# Task to complete:
Pictures stay out of the output. Return exactly the lines below from the one with "Закарпаття і COVID-19:+" down to the one with "el herpes zóster", both included, and nothing more.

# Input for this task:
───
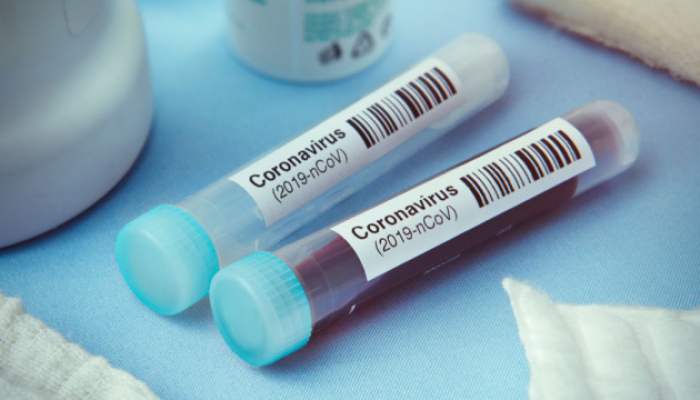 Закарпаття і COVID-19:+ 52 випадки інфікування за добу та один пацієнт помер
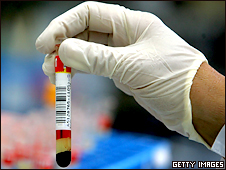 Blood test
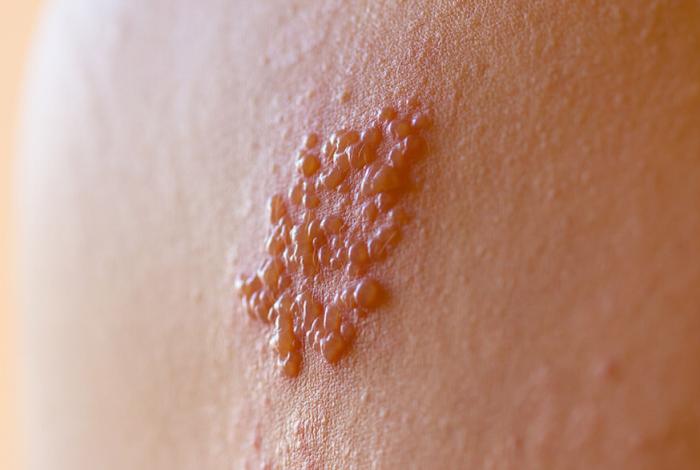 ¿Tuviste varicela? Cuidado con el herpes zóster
───
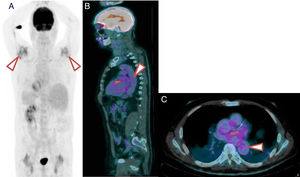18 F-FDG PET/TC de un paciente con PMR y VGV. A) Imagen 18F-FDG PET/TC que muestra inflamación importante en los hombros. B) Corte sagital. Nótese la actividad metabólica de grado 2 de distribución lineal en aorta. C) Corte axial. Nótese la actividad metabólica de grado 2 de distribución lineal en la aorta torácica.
───
# Reply to the exercise:
 Закарпаття і COVID-19:+ 52 випадки інфікування за добу та один пацієнт помер
 Blood test
 ¿Tuviste varicela? Cuidado con el herpes zóster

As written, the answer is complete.